De aquellos veraneos había que dejar constancia porque si no parecía que no habían existido. De ahí la prolija documentación postal que generaban los días de baños de sol y agua, en la que se contaba de todo un poco. Una de las familias de la Corte que no perdía el verano de San Sebastián era la del doctor Ricardo Gutiérrez Roig, natural de Berja y criado en Oria, médico de la Casa Real del Infante don Antonio de Orleans, cuyos sobrinos, Isabelita y Miguel, daban buena cuenta de su estancia veraniega, en 1915, a su amiga María Joaquina Martinez,- hija de don Antonio Martínez, farmacéutico del pueblo-  mediante una postal: “Querida María Joaquina, suponemos te gustará esta postal. Es una de las más bonitas que hay. Esto es muy bonito y tiene sitios preciosos. Como ves, éste es el Gran Casino que es precioso. Da un  abrazo a la mamá y tú sabes te quieren muy de veras tus buenos amigos. Isabelita y Miguel”. Pero las vacaciones del personal del entorno palaciego no sólo se limitaban a las antiguas  Vascongadas. La costa francesa también fue destino estival, según otra postal de Bayyonne, fechada en agosto de 1922: “Queridísima María Joaquina: Nos encontramos en Bayyone, donde todo es precioso y muy bonito.Las costumbres son un poco exageradas, pues las modas llegan hasta el extremo de que las que visten bien van completamente sin mangas. ¿Qué te parece?. Las mujeres son aquí verdaderos figurines, pues van admirablemente ataviadas. Muchos besos de los nenes. Afectos cariñosos a Rafael, de Miguel y míos. Y tú sabes, te quieren tus buenos amigos Isabelita y Miguel”.
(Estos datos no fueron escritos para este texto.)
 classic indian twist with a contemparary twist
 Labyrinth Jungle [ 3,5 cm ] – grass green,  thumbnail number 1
Llavaneras, en Barcelona, entre otros lugares,  también fue parada y fonda para Isabel Gutiérrez Roig, hermana del facultativo real: “Mis queridas amigas, doña Isabel y María Joaquina –madre e hija-, recibida su carta mucho nos alegramos no haya sido cosa de cuidado la enfermedad de María Joaquina. Comprendo su angustia...estando continuamente a la orilla del mar, Isabelita va mejorando y Tere está mejor de su cabeza, y la nena está tostadita del sol y ya come, por lo que está muy contenta pues con los baños de sol que toma parece que se arregla…estamos a la orilla del mar, del que solo nos separa la vía del tren, a tres cuartos de hora de Barcelona, así que es una preciosidad. Por la estación pasan noventa trenes diarios y estamos muy distraídos…Reciban un fuerte abrazo de todos y saben os quiere siempre tu amiga que verlas desea. Isabel Gutiérrez”. Lugo y otros muchos sitios fueron plazas bañistas de aquella privilegiada sociedad de aquel tiempo.
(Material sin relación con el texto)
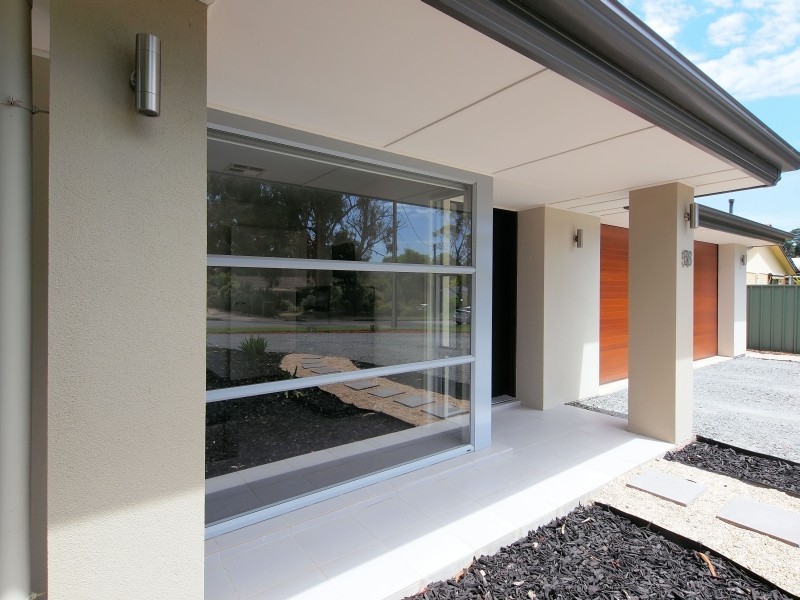 58 Baker Street, Littlehampton SA 5250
En nuestras coordenadas provincianas el estío también contaba con sus peculiares desplazamientos y estancias junto al mar, sobre todo los de quienes la vida les había  ubicado tierra adentro. Mudanzas y traslados aliñados con el protocolario ritual que cada época imponía,  que representaba todo un acontecimiento  del calendario para quienes podían permitirse semejante asueto. Tal era el caso de algunos afortunados del Norte almeriense, quienes tenían  en la próxima costa murciana, concretamente en Calabardina, su particular destino estival del que disfrutaban durante dos y hasta tres meses. Y salvo impedimentos mayores, nunca se perdonaban aquellos sanadores baños, incluidos los de balneario, que el transcurso del tiempo ha ido adaptando a cada era. Sin embargo, este tiempo nuestro ha mermado la afluencia en las playas, ha cerrado las piscinas públicas y nos ha hecho niños de pueblo, como cuando jugábamos con los animales cercanos, nos embelesaban los vuelos de los pájaros, atendíamos sus cantos y  sabíamos de sus costumbres. Como cuando hemos vuelto a zambullirnos en balsas y albercas que en cada lugar dejaron impresos sus nombres propios; en mi caso “El Tío Perucho”, “La Rodá” “Benidorm”, “Rulador”, “Janá”, “La Tejera”, etc. Baños de agua dulce, entre anfibios ciegos y ranas saltarinas, que no sólo han sanado nuestra piel, sino que nos han hecho felices niños de pueblo.